• _TASK TO CARRY OUT_
Copy every line from the data below in which the string "Single" can be found.

• _SUPPLIED ENTRIES_
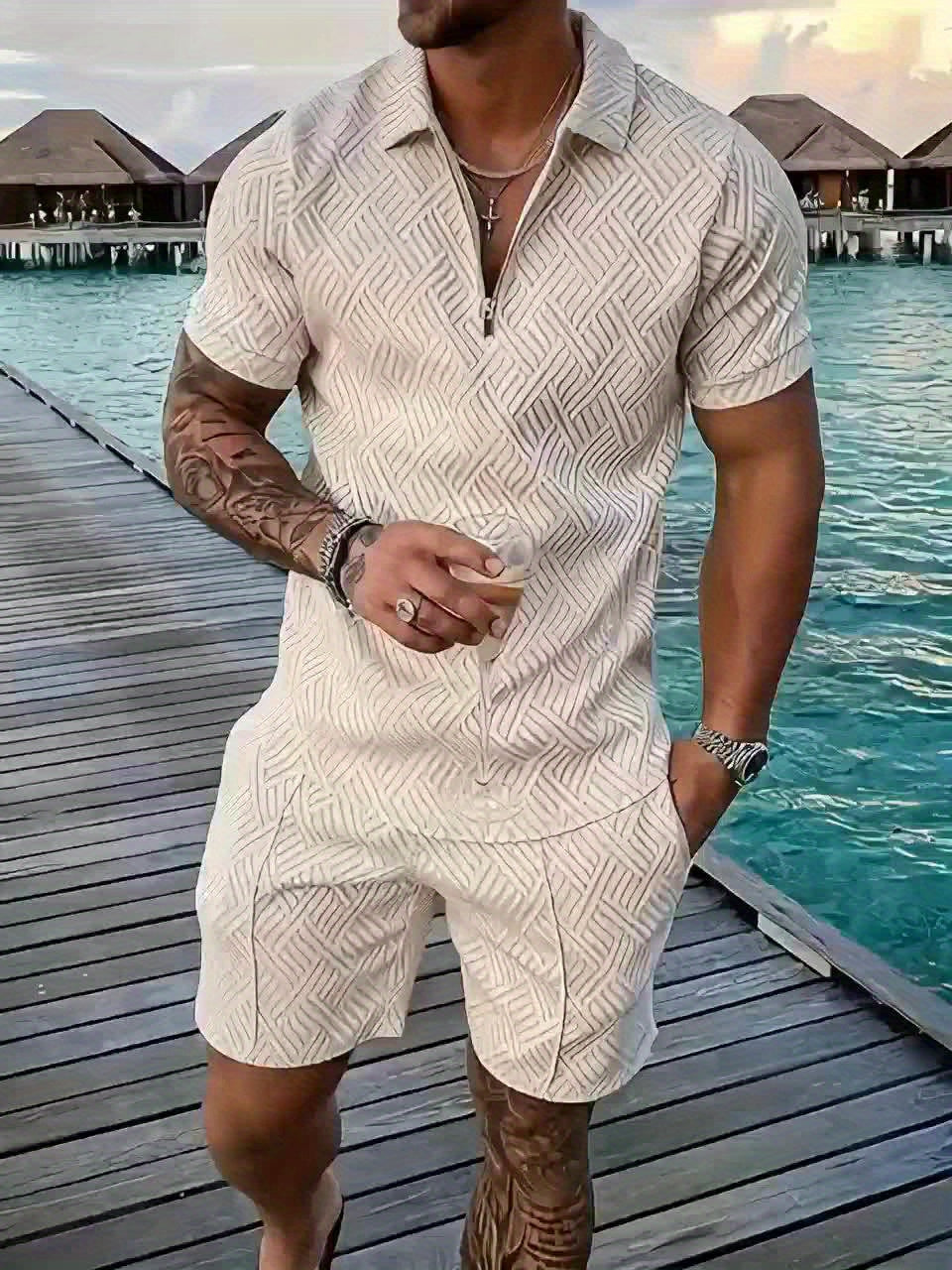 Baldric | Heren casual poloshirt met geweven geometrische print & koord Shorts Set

---

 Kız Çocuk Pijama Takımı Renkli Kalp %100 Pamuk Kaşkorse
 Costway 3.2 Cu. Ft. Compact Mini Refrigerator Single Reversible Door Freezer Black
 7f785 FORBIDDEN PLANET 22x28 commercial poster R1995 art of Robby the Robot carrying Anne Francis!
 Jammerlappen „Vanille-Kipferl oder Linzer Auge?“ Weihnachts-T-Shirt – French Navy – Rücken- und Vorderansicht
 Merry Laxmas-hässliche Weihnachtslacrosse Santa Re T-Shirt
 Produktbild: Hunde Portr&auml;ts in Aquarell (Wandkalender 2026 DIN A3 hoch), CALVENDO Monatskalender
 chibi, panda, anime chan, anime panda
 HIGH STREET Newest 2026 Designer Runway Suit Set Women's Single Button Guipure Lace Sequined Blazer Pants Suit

• _RESULT_
 Costway 3.2 Cu. Ft. Compact Mini Refrigerator Single Reversible Door Freezer Black
 HIGH STREET Newest 2026 Designer Runway Suit Set Women's Single Button Guipure Lace Sequined Blazer Pants Suit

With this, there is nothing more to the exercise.